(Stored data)
- Opening Delimiter -
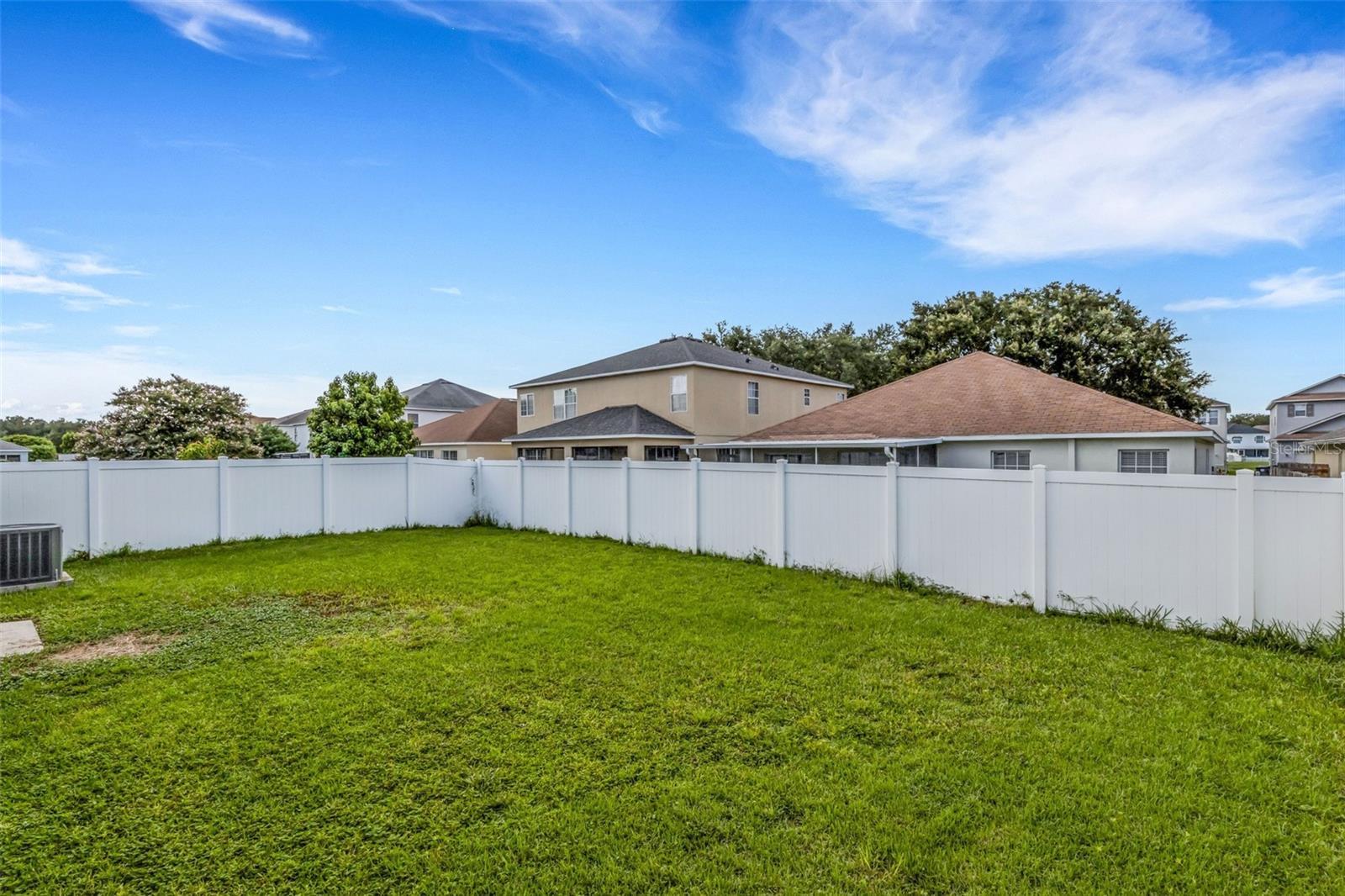 11136 GOLDEN SILENCE DR — photo 45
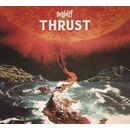 DEWOLFF - THRUST CD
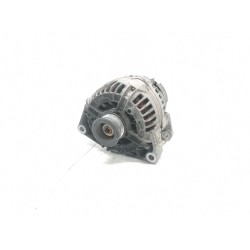Alternador Opel Vectra C berlina | Desguace Becerril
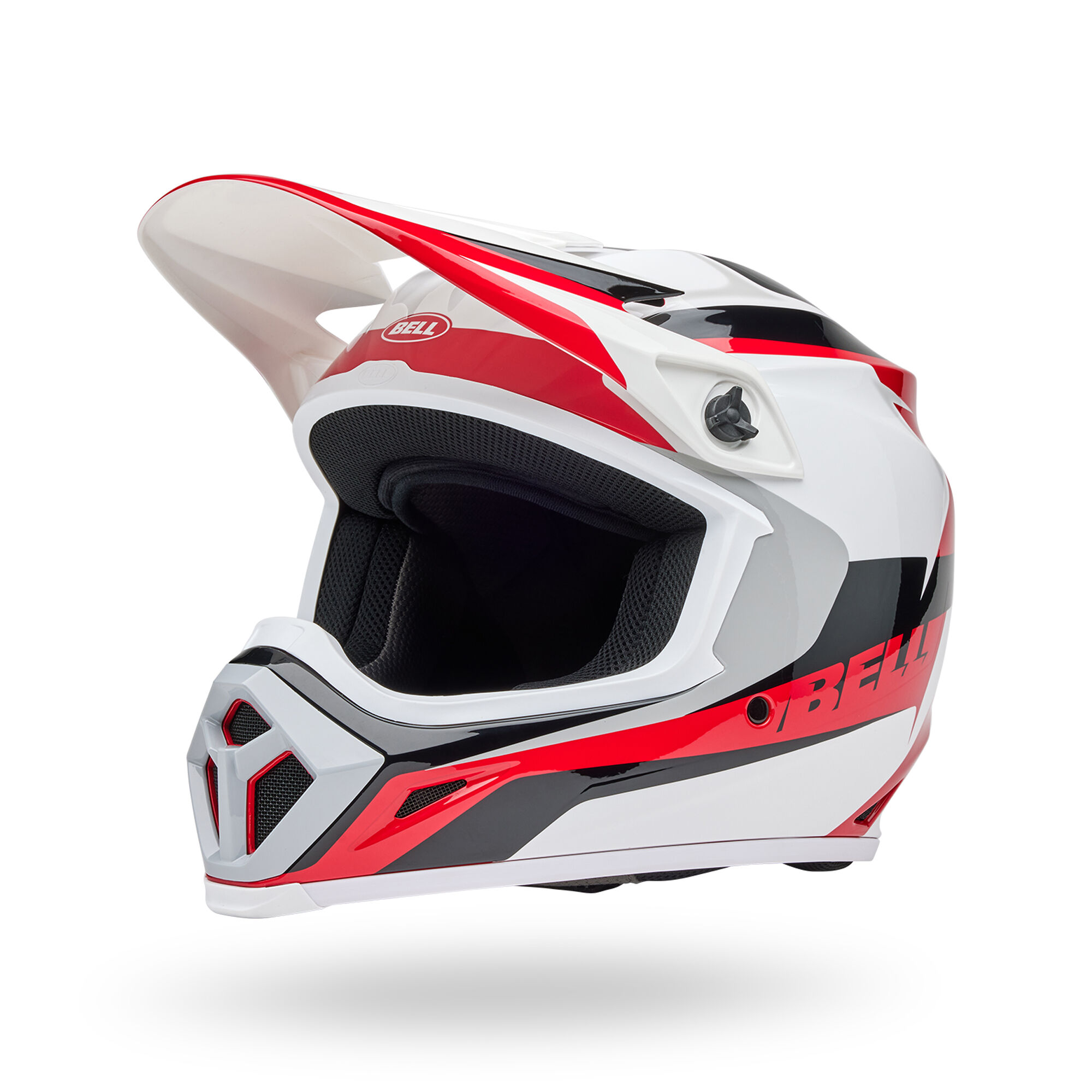 MX-9 Mips | Bell Helmets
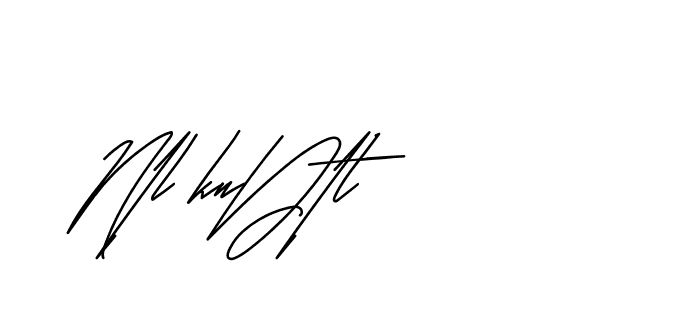 The best way (Andilay-mLmvP) to make a short signature is to pick only two or three words in your name. The name Ceard include a total of six letters. For converting this name. Ceard signature style 2 images and pictures png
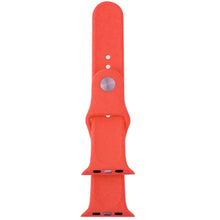 Load image into Gallery viewer, S-AW-0144F_4.jpg@11002bfd716d5be0505bdec063c61437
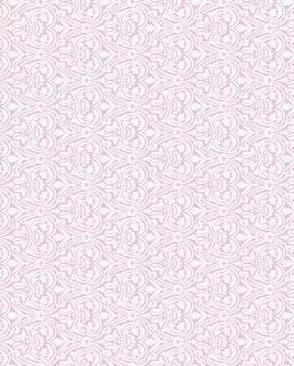 Полиэстер Ажур 100% п/э 220 см  арт. ЛЮКС-20-18-ЛЮКС18096548.00018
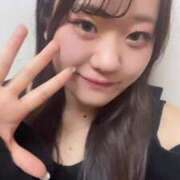 ヒメ日記 2025/03/27 20:04 投稿 あいみょん 奥様特急　上野・鶯谷店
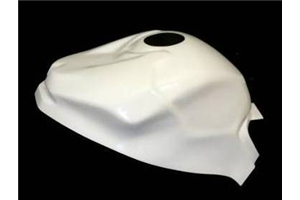 Race Package pour Bmw S 1000 RR 2009 - 2014: Carénages + Crochets rapides - MXPCRD11573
- Closing Delimiter -
### What the exercise asks:
Set the lines above down again, word for word, from the first through the one containing "MX-9 Mips | Bell Helmets"; pictures excluded.

### Solved problem:
 11136 GOLDEN SILENCE DR — photo 45
 DEWOLFF - THRUST CD
Alternador Opel Vectra C berlina | Desguace Becerril
 MX-9 Mips | Bell Helmets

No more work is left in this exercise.